PROVIDED INFORMATION -

▼

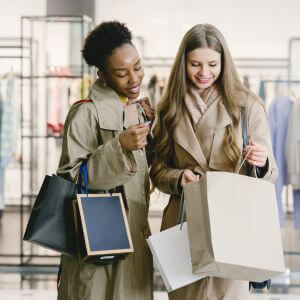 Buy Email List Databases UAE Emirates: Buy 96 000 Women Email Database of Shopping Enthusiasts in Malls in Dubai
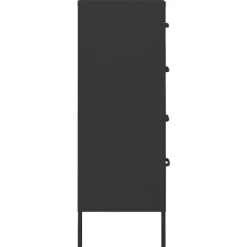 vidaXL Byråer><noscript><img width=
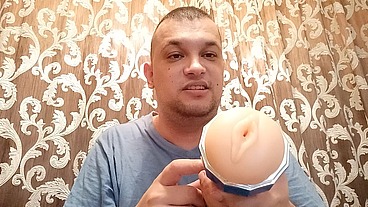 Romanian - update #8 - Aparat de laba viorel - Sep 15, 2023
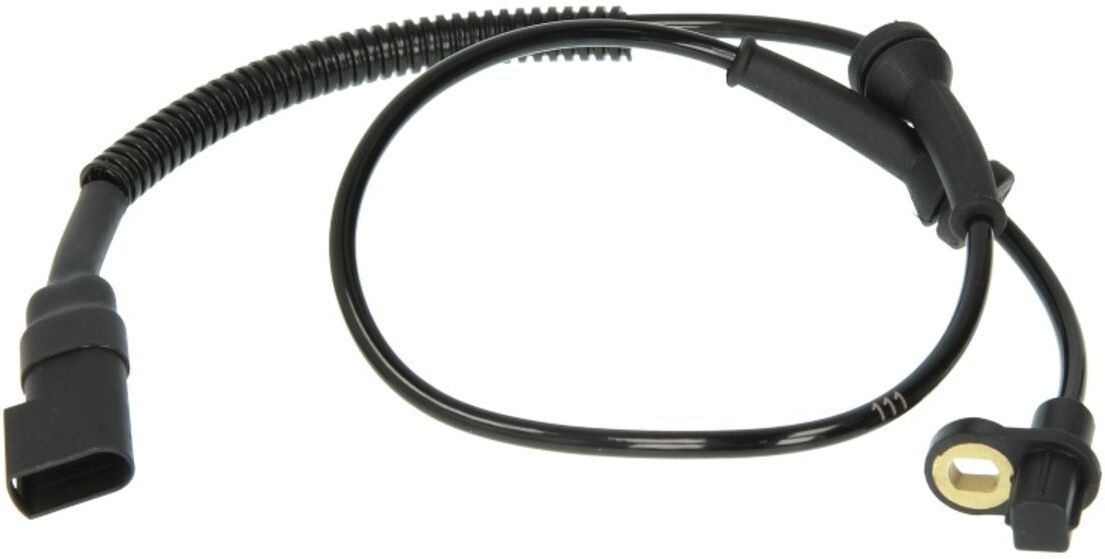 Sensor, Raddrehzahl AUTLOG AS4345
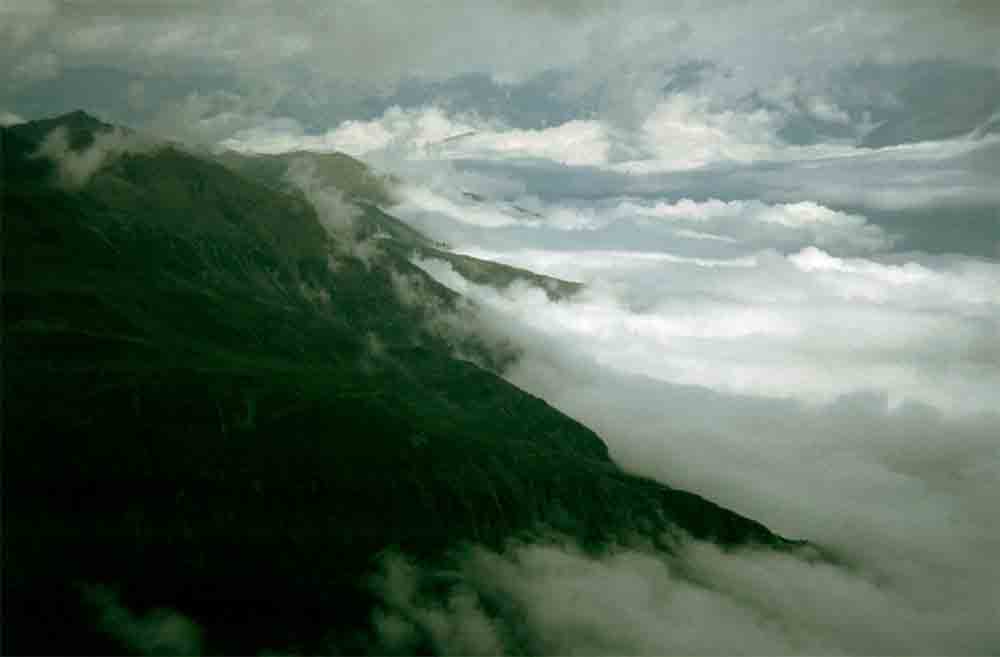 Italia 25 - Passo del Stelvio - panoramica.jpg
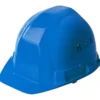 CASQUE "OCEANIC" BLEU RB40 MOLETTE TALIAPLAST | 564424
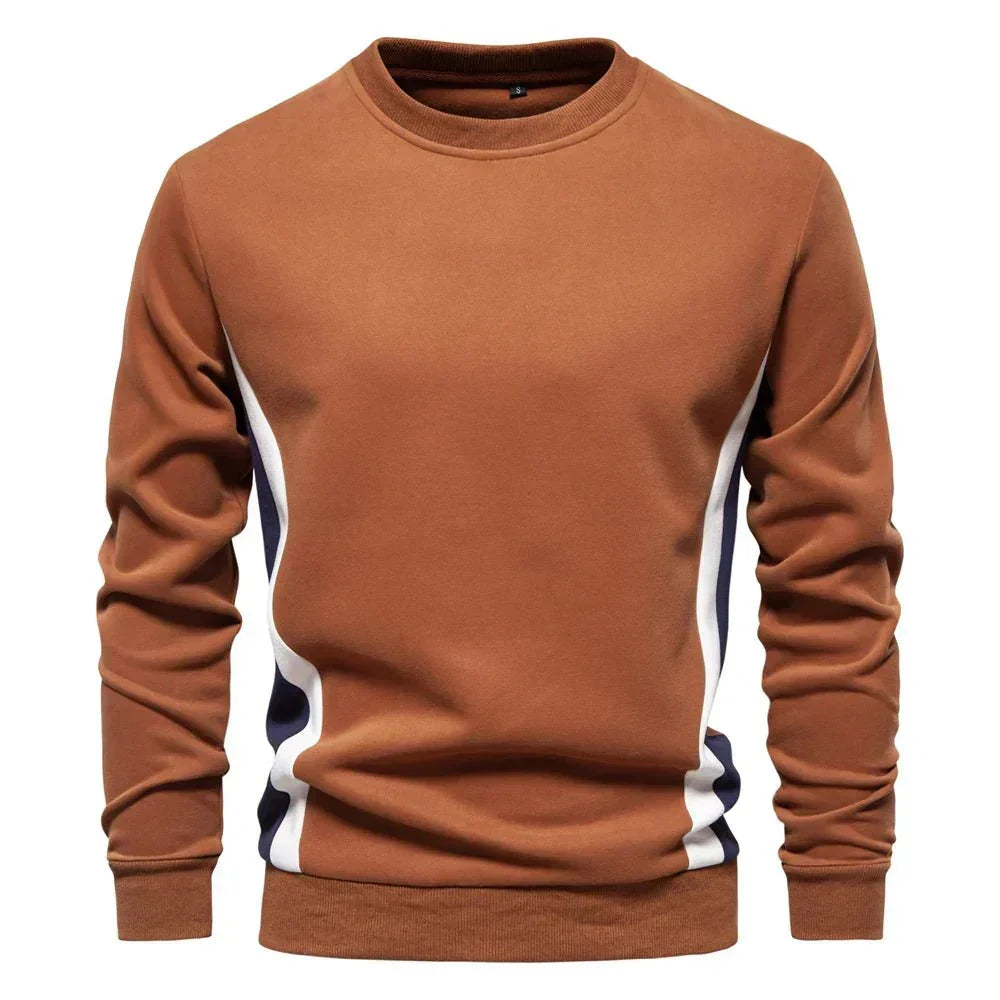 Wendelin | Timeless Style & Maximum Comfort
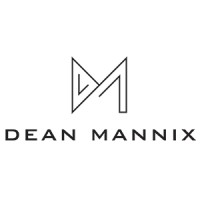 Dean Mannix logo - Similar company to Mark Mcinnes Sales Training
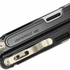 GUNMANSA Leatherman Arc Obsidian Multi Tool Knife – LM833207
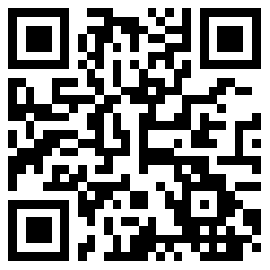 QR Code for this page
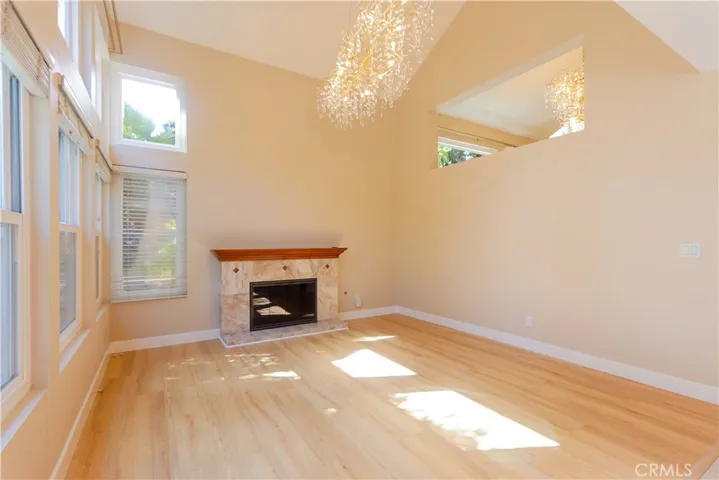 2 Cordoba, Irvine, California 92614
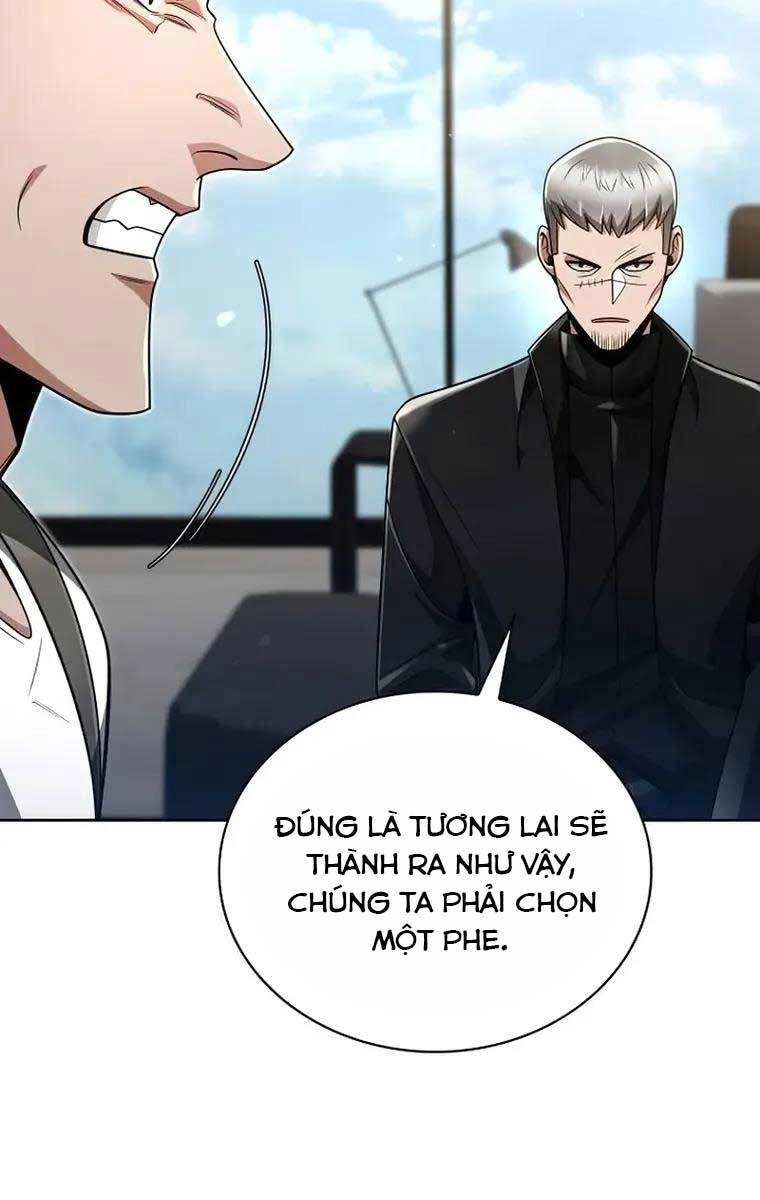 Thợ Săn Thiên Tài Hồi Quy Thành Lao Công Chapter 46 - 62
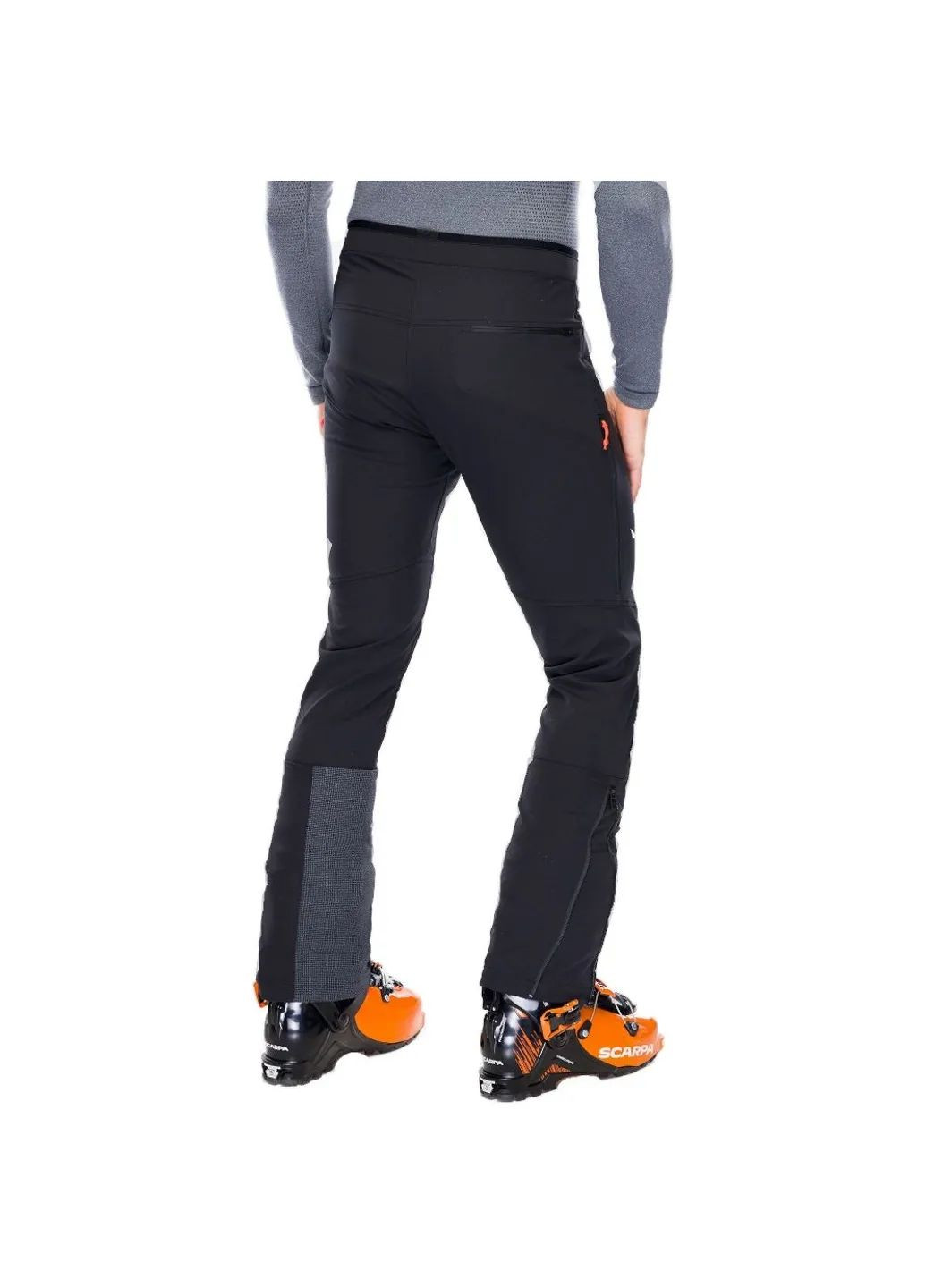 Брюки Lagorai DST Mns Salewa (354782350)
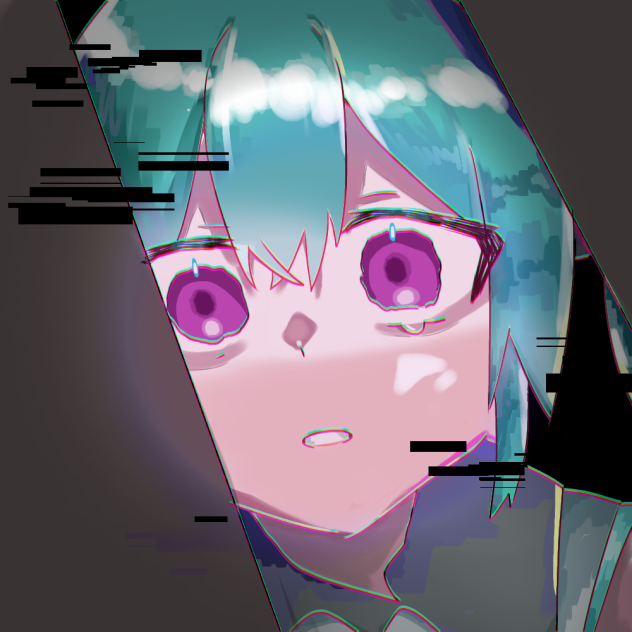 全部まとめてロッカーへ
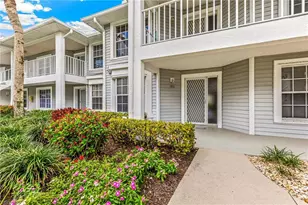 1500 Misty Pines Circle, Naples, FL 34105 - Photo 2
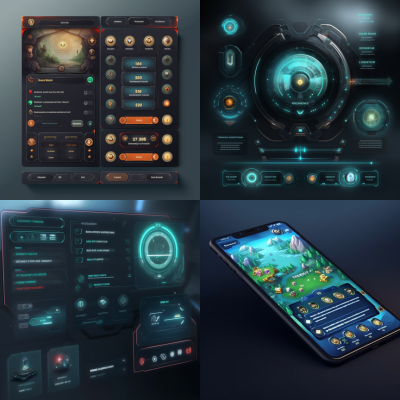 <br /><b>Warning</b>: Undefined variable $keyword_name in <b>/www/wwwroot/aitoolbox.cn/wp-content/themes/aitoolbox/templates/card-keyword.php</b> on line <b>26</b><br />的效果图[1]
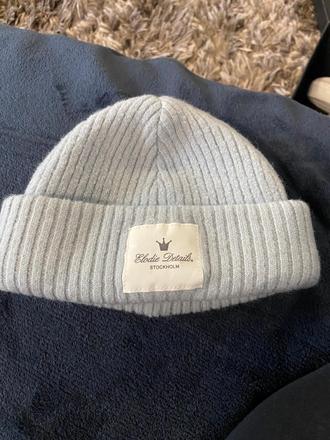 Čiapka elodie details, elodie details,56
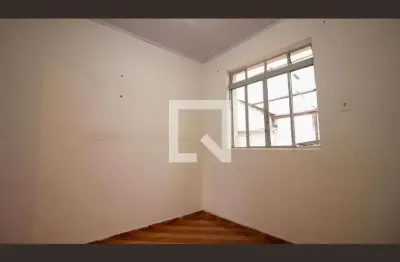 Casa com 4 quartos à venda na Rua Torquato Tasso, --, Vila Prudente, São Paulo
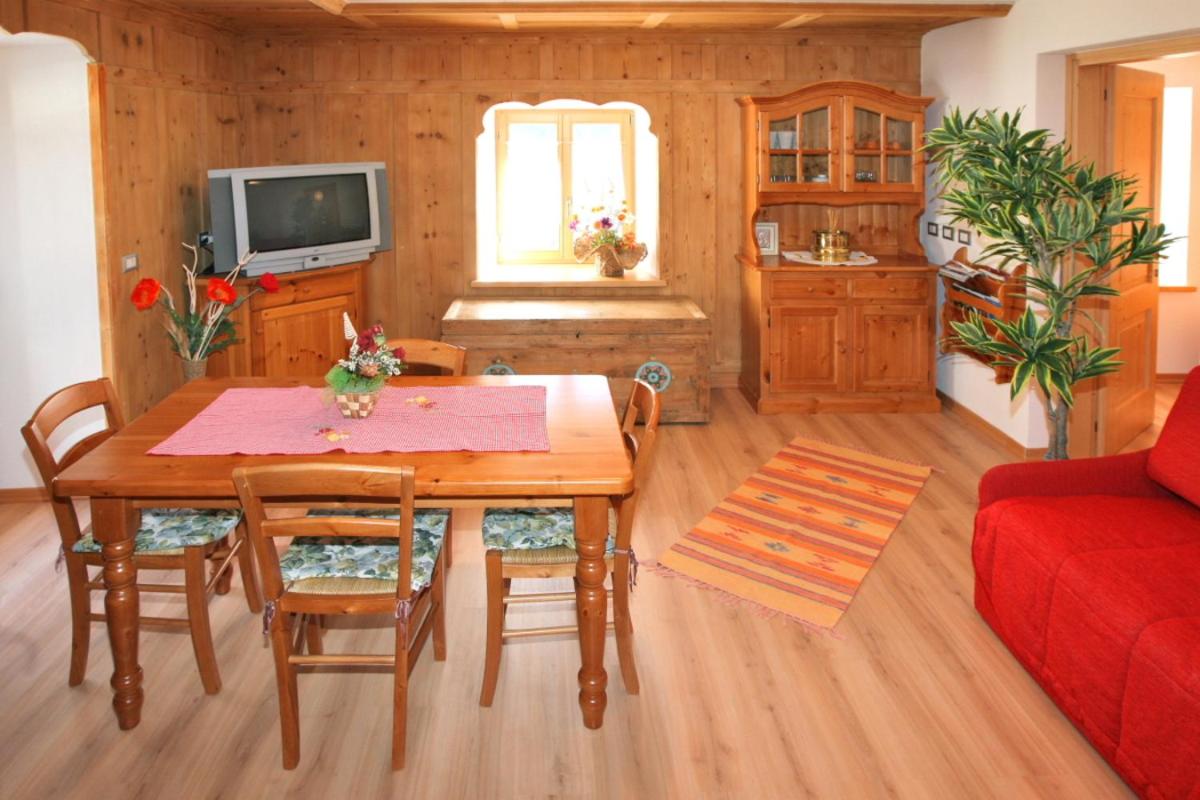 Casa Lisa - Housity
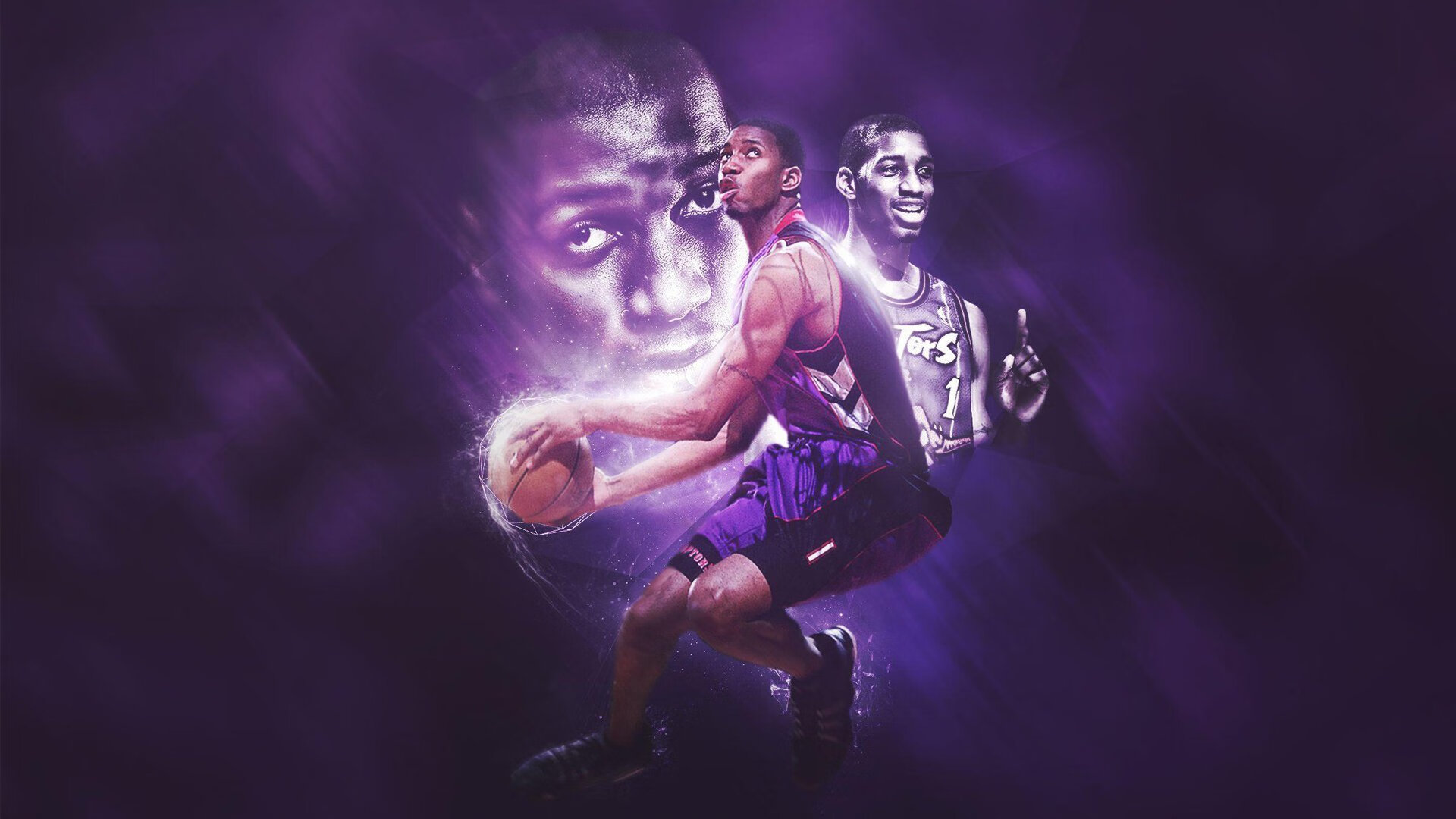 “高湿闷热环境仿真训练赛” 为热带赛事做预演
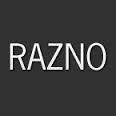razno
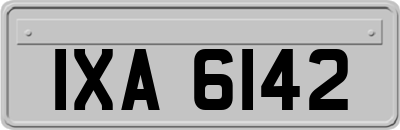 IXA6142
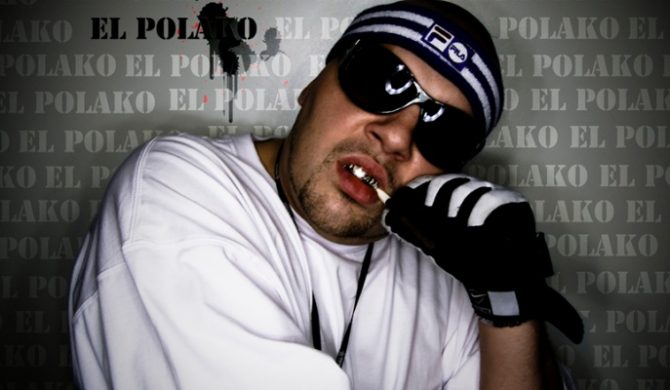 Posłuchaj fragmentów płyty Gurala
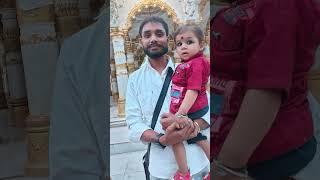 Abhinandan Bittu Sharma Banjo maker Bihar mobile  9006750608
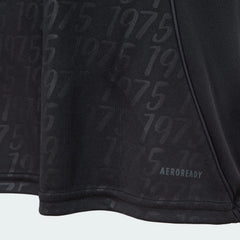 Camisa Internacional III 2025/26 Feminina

▲

ABOUT THIS TASK - From the line that holds "Thợ Săn Thiên" down to the last line of the material above, every line is to be copied exactly, both ends included; pictures are to be omitted.

OUTPUT OF THE EXERCISE -
 Thợ Săn Thiên Tài Hồi Quy Thành Lao Công Chapter 46 - 62
 Брюки Lagorai DST Mns Salewa (354782350)
 全部まとめてロッカーへ
 1500 Misty Pines Circle, Naples, FL 34105 - Photo 2
 <br /><b>Warning</b>: Undefined variable $keyword_name in <b>/www/wwwroot/aitoolbox.cn/wp-content/themes/aitoolbox/templates/card-keyword.php</b> on line <b>26</b><br />的效果图[1]
 Čiapka elodie details, elodie details,56
 Casa com 4 quartos à venda na Rua Torquato Tasso, --, Vila Prudente, São Paulo
 Casa Lisa - Housity
 “高湿闷热环境仿真训练赛” 为热带赛事做预演
razno
 IXA6142
 Posłuchaj fragmentów płyty Gurala
 Abhinandan Bittu Sharma Banjo maker Bihar mobile  9006750608
 Camisa Internacional III 2025/26 Feminina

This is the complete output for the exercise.